▶ _EXERCISE PROMPT_
Output the lines below from the one containing "Sa Fiorida Case" through the end of the listing, inclusive, exactly as they appear, and nothing further.

========

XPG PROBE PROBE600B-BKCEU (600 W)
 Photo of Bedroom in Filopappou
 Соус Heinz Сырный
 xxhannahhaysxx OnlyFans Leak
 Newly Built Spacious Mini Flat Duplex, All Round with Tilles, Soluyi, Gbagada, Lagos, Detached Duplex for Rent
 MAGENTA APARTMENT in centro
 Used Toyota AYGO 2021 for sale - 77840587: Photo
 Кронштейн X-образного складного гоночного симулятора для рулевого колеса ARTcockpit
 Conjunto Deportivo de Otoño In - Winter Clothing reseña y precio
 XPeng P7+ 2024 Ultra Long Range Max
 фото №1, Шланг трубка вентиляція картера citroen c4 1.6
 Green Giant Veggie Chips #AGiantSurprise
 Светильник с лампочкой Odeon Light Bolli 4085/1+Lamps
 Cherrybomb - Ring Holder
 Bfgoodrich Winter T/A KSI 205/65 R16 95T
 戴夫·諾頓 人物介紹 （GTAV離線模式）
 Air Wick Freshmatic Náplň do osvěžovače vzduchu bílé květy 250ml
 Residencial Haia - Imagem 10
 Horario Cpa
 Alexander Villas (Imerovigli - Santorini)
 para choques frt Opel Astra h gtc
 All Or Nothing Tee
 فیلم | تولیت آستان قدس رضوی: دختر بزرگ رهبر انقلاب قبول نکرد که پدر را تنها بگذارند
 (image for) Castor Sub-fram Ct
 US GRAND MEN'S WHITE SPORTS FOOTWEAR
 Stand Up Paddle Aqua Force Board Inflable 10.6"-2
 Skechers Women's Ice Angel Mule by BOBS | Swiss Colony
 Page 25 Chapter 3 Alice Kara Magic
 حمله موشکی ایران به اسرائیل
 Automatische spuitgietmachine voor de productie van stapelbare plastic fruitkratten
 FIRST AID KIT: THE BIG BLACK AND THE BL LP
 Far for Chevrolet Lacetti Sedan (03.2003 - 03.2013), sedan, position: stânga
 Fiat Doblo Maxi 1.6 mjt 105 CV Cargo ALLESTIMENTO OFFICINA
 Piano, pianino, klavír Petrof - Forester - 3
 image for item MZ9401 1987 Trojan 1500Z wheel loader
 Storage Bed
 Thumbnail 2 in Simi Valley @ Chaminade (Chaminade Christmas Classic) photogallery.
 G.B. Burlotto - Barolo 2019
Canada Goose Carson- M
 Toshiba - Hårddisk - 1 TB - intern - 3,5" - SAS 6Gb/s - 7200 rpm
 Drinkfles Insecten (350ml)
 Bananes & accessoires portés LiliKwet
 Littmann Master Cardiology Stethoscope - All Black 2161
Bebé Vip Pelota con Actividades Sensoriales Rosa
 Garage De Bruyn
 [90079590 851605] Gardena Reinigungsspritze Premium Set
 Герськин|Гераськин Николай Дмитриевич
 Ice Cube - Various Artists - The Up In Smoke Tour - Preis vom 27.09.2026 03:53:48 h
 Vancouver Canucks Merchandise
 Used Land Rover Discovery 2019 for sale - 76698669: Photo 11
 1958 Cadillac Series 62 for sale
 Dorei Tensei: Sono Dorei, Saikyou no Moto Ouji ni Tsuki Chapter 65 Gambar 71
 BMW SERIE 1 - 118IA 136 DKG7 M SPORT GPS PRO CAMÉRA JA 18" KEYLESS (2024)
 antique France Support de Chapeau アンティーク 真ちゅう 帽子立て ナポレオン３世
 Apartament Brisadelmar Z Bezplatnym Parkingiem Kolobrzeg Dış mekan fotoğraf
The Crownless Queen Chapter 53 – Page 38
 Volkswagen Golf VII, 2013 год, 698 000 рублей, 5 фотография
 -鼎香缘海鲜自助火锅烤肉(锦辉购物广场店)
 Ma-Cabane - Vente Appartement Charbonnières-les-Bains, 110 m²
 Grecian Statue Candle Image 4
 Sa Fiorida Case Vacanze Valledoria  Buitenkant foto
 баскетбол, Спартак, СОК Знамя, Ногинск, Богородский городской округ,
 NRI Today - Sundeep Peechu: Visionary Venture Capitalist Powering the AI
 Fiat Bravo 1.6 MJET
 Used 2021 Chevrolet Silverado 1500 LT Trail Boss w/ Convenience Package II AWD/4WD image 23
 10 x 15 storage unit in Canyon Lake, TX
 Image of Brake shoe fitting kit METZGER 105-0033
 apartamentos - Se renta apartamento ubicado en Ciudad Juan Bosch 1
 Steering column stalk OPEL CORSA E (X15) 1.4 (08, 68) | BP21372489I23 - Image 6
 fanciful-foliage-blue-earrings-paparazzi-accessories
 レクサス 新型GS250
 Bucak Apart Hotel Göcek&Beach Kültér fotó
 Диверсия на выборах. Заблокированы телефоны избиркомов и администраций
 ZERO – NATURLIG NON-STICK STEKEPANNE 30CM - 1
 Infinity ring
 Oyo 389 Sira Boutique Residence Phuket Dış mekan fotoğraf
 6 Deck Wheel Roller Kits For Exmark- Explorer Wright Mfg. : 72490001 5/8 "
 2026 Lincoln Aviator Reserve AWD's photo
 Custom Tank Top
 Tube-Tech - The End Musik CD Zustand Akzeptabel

========

▶ _SOLUTION FOR THIS EXERCISE_
 Sa Fiorida Case Vacanze Valledoria  Buitenkant foto
 баскетбол, Спартак, СОК Знамя, Ногинск, Богородский городской округ,
 NRI Today - Sundeep Peechu: Visionary Venture Capitalist Powering the AI
 Fiat Bravo 1.6 MJET
 Used 2021 Chevrolet Silverado 1500 LT Trail Boss w/ Convenience Package II AWD/4WD image 23
 10 x 15 storage unit in Canyon Lake, TX
 Image of Brake shoe fitting kit METZGER 105-0033
 apartamentos - Se renta apartamento ubicado en Ciudad Juan Bosch 1
 Steering column stalk OPEL CORSA E (X15) 1.4 (08, 68) | BP21372489I23 - Image 6
 fanciful-foliage-blue-earrings-paparazzi-accessories
 レクサス 新型GS250
 Bucak Apart Hotel Göcek&Beach Kültér fotó
 Диверсия на выборах. Заблокированы телефоны избиркомов и администраций
 ZERO – NATURLIG NON-STICK STEKEPANNE 30CM - 1
 Infinity ring
 Oyo 389 Sira Boutique Residence Phuket Dış mekan fotoğraf
 6 Deck Wheel Roller Kits For Exmark- Explorer Wright Mfg. : 72490001 5/8 "
 2026 Lincoln Aviator Reserve AWD's photo
 Custom Tank Top
 Tube-Tech - The End Musik CD Zustand Akzeptabel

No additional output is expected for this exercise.